Assumir o desafio proposto por Shivji (2005), sobretudo quando estamos a falar das

antigas colónias portuguesas em África que apenas se tornaram independentes na segunda

metade dos anos 1970, leva-nos necessariamente a revisitar alguns dos grandes pensadores

do processo revolucionário nestes países. Figura incontornável, pela profundidade das suas

análises e pela actualidade das suas ideias neste repensar o presente a partir da história dos

movimentos nacionalistas em África, é sem dúvida um dos mais destacados dirigentes

nacionalistas da época, Amílcar Cabral. Como nos diz Carlos Lopes numa das suas análises

sobre Cabral:

Para Cabral o factor mais importante era o conhecimento da realidade. Ele acreditava

que apenas uma identificação específica de um local permitia equacionar a sua

transformação. O entendimento da cultura de um lugar é condição necessária para poder

ancorar o processo de transformação. A existência de uma ética própria serve para aumentar

o sentido de comunidade e de auto-estima, factores entre os mais valorizados na capacitação

dos indivíduos, instituições e sociedades. (Lopes, 2006).

A tese de Cabral sobre a libertação como um acto cultural (Cabral, 1978), reforçada

pela acima referida necessidade do conhecimento da realidade, constituiu, e constitui ainda,

uma base para a procura de caminhos para essa mesma libertação, onde a educação e a

ciência ocupam um lugar privilegiado no desenvolvimento dos povos. A tónica posta nos

seus escritos sobre a crise da revolução africana assente em práticas deslocadas da realidade

concreta do meio (Lopes, 2006; Cabral, 1978), foi compartilhada por Eduardo Mondlane,

primeiro presidente da Frente de Libertação de Moçambique – FRELIMO, para quem era

igualmente importante que as análises de uma determinada condição se pudessem inserir

dentro de uma situação concreta (Mondlane, 1985).

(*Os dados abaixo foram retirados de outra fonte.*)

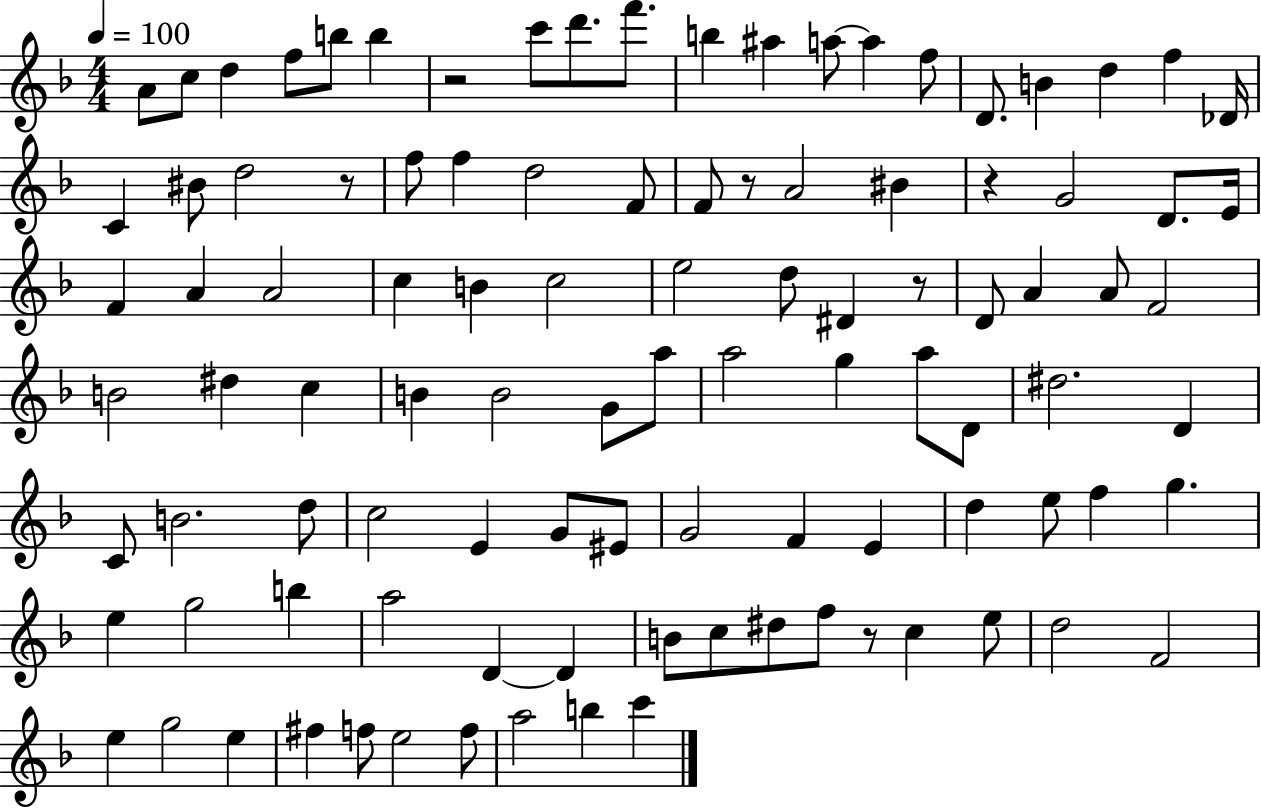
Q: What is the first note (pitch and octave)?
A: A4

Mais tarde, e numa realidade

completamente diferente, onde o foco da luta tinha já ultrapassado a questão da libertação

do continente do jugo colonial e se situava nos combates que era necessário realizar para

fazer face aos desafios de um país independente pressionado pelo ambiente regional que se

vivia na África Austral e outras pressões internacionais vindas do ocidente, Aquino de

Bragança no seu frequente questionamento sobre o papel da ciência e dos cientistas sociais,

retoma a questão da necessidade de dar um atenção especial às realidades nacionais,

quando defende a necessidade de uma produção que não seja meramente

“extrovertida”4(Bragança & Depelchin 1986) e quando refere que a ciência e o conhecimento

devem aparecer reflectidos nas políticas públicas (Beittel 1980:6, citado por Santos 2011).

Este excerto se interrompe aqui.